The problem with writing about music is that our relationships change with pieces of music as we grow and change. A piece of music is not a static thing. In order to live it must be interpreted, and that interpretation, if it is successful, grabs our attention and inspires us to follow new ways of hearing a piece of music. It is difficult to hold onto a feeling, and it is difficult to name it adequately. Casting the "feel" of a moment is very hard to do in retrospect, because that feeling immediately becomes only a memory of a feeling.

Writing music can have the same issues. A phrase comes into your head. You write it down, struggling to make sure that all the rhythms are just as you thought of it. Later you play the phrase on the piano, and it's totally unremarkable. Then you try it on another instrument or in another register, and it sounds better. You bat it around, change it, give it harmony (change that harmony), and write it down anew. Perhaps it is something worth keeping, so you stash it away somewhere and hope that you can use it.

For some people this is a kind of torture. Other people find it fun. I find it fun. I also find it fun to write about music. I would rather write about music than just about anything. I find that the best way to really learn something about a piece of music is through writing about it. (I also find that the best way to understand a poem is by setting it to music.) It doesn't matter if an observation is "right" or "wrong," and it doesn't matter if by learning something new I invalidate a hunch I had before. I enjoy correcting myself. In my world being "right" is not the only way to interpret a piece of music.

I am in the fortunate position of not being an authority figure, and of not having anything to protect. I go with my carefully-thought-out hunches and take all sorts of risks by voicing ideas that I know nobody has thought of before (or at least written about) to my students, friends, and colleagues (and driving my family crazy).
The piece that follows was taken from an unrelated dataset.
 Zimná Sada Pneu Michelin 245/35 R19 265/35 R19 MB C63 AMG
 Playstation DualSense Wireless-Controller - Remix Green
I do it when I write program notes, I do it when I write reviews, and I do it when I write blog posts. I don't have to worry about protecting my "image" in the musical world. I do not have an important position or a solo career. What you see is what you get with the music I write (there are no secrets except for the vast mysteries of music itself), and I take it upon myself to be honest when I write reviews.
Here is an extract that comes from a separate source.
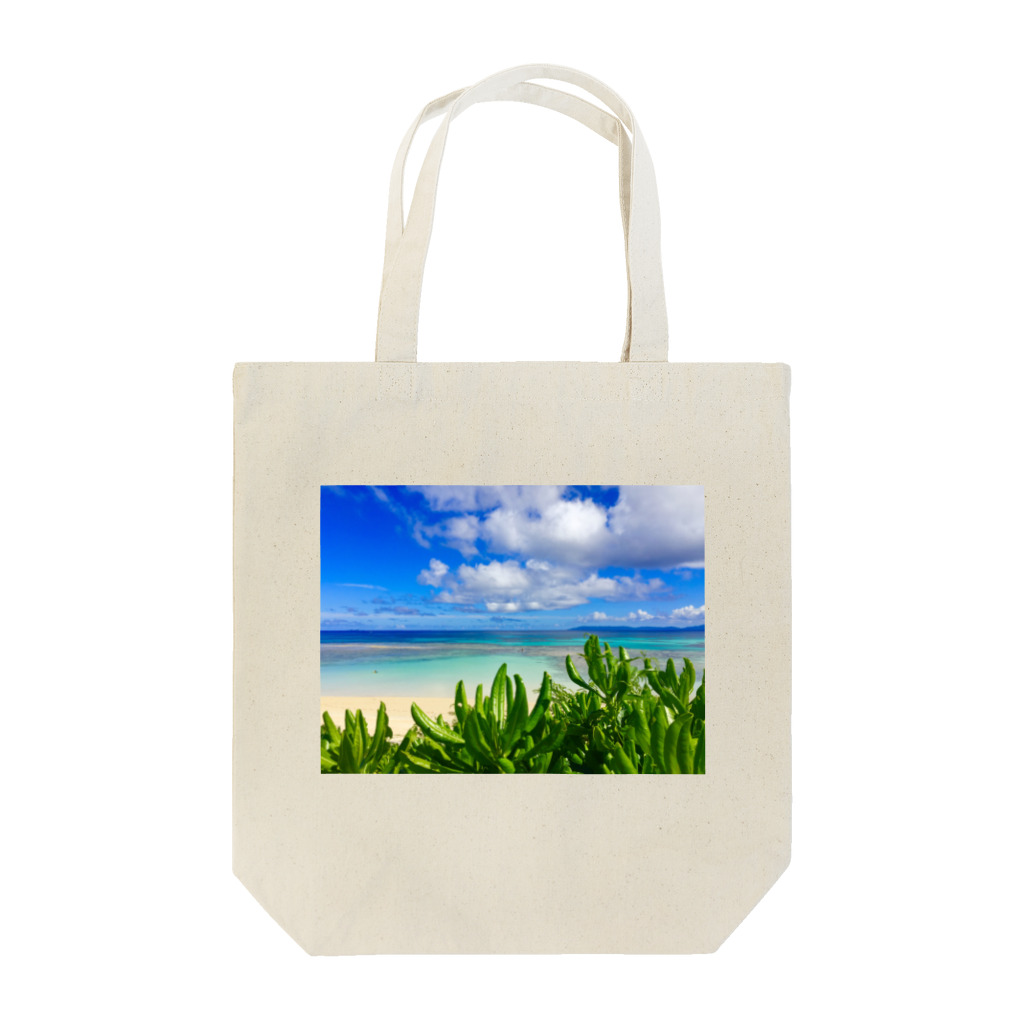 mizuphoto galleryのHealing of blue Tote Bag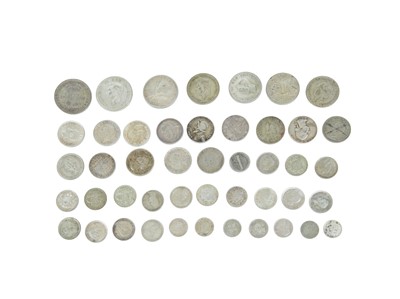 Lot 62 - Silver Foreign Coins - mixed lot.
When I was Jonathan Biss's age (he's 32) I was a very different person from the person I am today. I worked at a radio station, and had what some would consider an encyclopedic knowledge of music from all the liner notes I had read, but I had only really experienced music from the standpoint of a wind player who always played the upper voice in an ensemble. I mainly listened from the top down, and managed to miss a huge amount when I listened to music. I was an avid reader of reviews, but I had never written one. I knew a lot about baroque music and 20th-century music, but didn't really know much about classical forms because studying them had little to do with the music I played (the flute repertoire). In other words, I thought I knew something, but I really knew very little.

My real education began when I became a string player. Then everything changed. Now I hear everything differently, and I think very differently about everything I play. Every experience is a new experience.

Perhaps Jonathan Biss will, at some point, have the opportunity to step outside his position in the musical world, and maybe then it might be easier for him to write about music. If he still wants to.